IX. The Vulgate, p. 89., from which there are —

1. Some Arabic versions, p. 85.

2. Persian of the Psalms, p. 86.

3. Anglo-Saxon, p. 94.

X. Persian translations of the Pentateuch, and that of Proverbs, p. 86.

From the Samaritan Pentateuch there are

1. The Samaritan version, p. 33.

2. Arabic, p. 33.

3. Greek, p. 76.]

On the application of ancient versions to the ascertaining of various readings, and on the benefit which may be derived from them in the interpretation of the Scriptures, remarks will be hereafter made.

SECTION III

ON THE VARIOUS READINGS OCCURRING IN THE SCRIPTURES.

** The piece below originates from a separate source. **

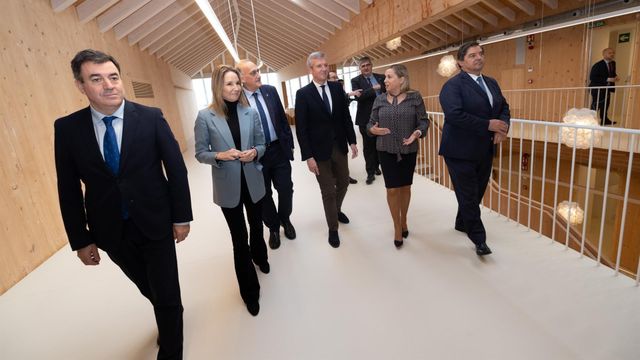 El presidente de la Xunta, Alfonso Rueda, acompañado d conselleiro de Cultura, Educación, Formación Profesional e Universidades, Román Rodríguez.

§ 1. On the Causes of Various Readings.

I. The Christian faith not affected by what are called various readings.— II. Nature of various readings - Difference between them and mere errata.-III. Notice of the principal collations and collections of various readings. IV. Causes of various readings:-1. The negligence or mistakes of transcribers ;-2. Errors or imperfections in the manuscript copied; 3. Critical conjecture;-4. Wilful corruptions of a manuscript from party-motives.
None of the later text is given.